Le temps d’une ville

Donc, une fois encore, j’entre dans une ville que je ne connais pas. Avec pour seule raison d’y écrire avec d’autres que je ne connais pas non plus. Partage d’écriture. Comme autrefois ces artistes itinérants - peintres, sculpteurs - qui venaient se mettre au service des églises trop pauvres, trop à l’écart, pour avoir à demeure leurs propres faiseurs d’art. Mais au service de quoi, aujourd’hui ? D’un sens de l’homme dans sa ville ? De ce que l’on appelle habituellement “citoyenneté” ? Ou de quelque chose d’un autre ordre (comme autrefois : ordres croisés du ciel et de la terre) mais devant lequel celui qui est venu ici grâce aux bons soins de l’Etat et des collectivités locales devrait se faire discret ?

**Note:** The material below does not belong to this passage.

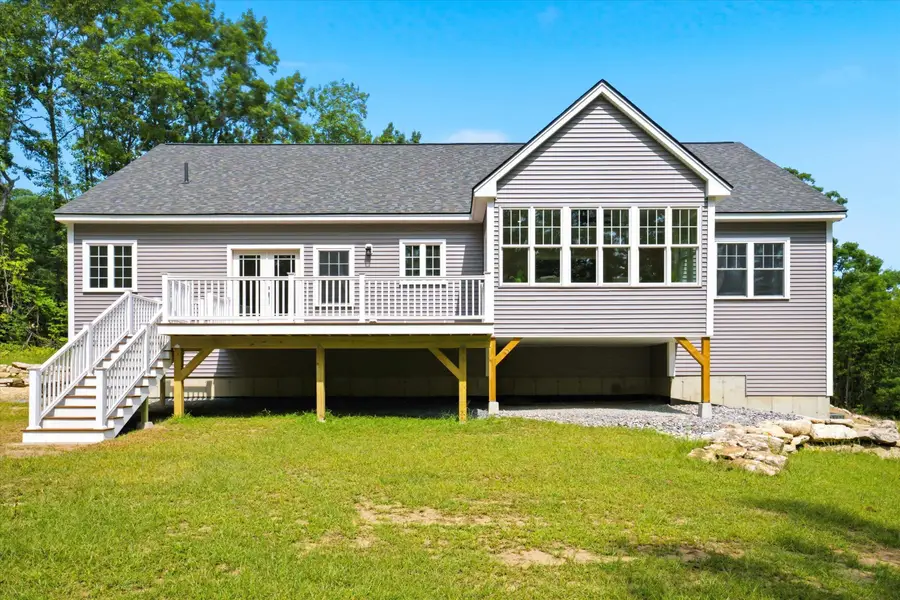 14 Prescott Heights Road, Hooksett, NH 03106 - #3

On peut aussi imaginer. Comme les vitriers d’autrefois, je serais entré dans la ville le cadre dans le dos avec le verre et les outils, et le cri de rue en rue, l’appel jusqu’à ce que des fenêtres s’ouvrent : “Ecrivain ! Ecrivain !...”

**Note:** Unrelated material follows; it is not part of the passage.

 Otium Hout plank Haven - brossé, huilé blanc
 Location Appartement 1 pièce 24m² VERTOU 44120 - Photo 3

Ou bien, sur les marchés, j’aurais dressé un étalage entre les fruits et légumes et les robes légères, avec sur le plateau seulement des feuilles blanches et des crayons.

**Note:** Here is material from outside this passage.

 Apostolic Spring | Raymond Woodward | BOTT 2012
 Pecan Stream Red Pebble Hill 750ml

Pendant plus d’un an, je viens dans cette ville qui a du mal à trouver ses mots.


Visages des élèves de quatrième T du Collège de La Noue.

Visages de ces femmes venues d’autres pays et qui apprennent à lire et à écrire dans les locaux de l’AHMI (Association Haut-Marnais-pour-les-Immigrés).

Visages des jeunes du bâtiment 60.

Visages du groupe dit des “sans-point-commun-sinon-l’envie-d’écrire” qui se réunit à la M.J.C.

C’est en partie à travers eux que je découvre la ville.


Je leur demande :

“Que faut-il pour faire une ville ?”


Les élèves de quatrième T du Collège de La Noue ont répondu les premiers.


Ils ont dit :


Pour faire une ville comme Saint-Dizier il faut

un pêcheur

un menuisier

un pompier

deux boulangers

quatre chauffeurs-routiers

un cuisinier

un carrossier

un garçon qui fait du skate

un barman

un mécanicien d’automobile

un mécanicien de maintenance

une toiletteuse de chiens

un prêtre


Une fois la liste dressée, il n’y avait plus qu’à aller sur place.

Pour voir. Entendre. Sentir.

Une ville qui parle aux sens.

Michel Seonnet.

Trois fois Amen.A nos pères! Ah! Nos pères!Retour en ville.une ville qui parle aux sens.


Une ville qui parle aux sens.

Retour en ville.

Un Apartheid à la Française.

Le temps d'une ville.

Sur le toit de la MJC.Bâtiment 60.

La Marne.

Que nous faut-il pour comprendre?










Le père de Josette.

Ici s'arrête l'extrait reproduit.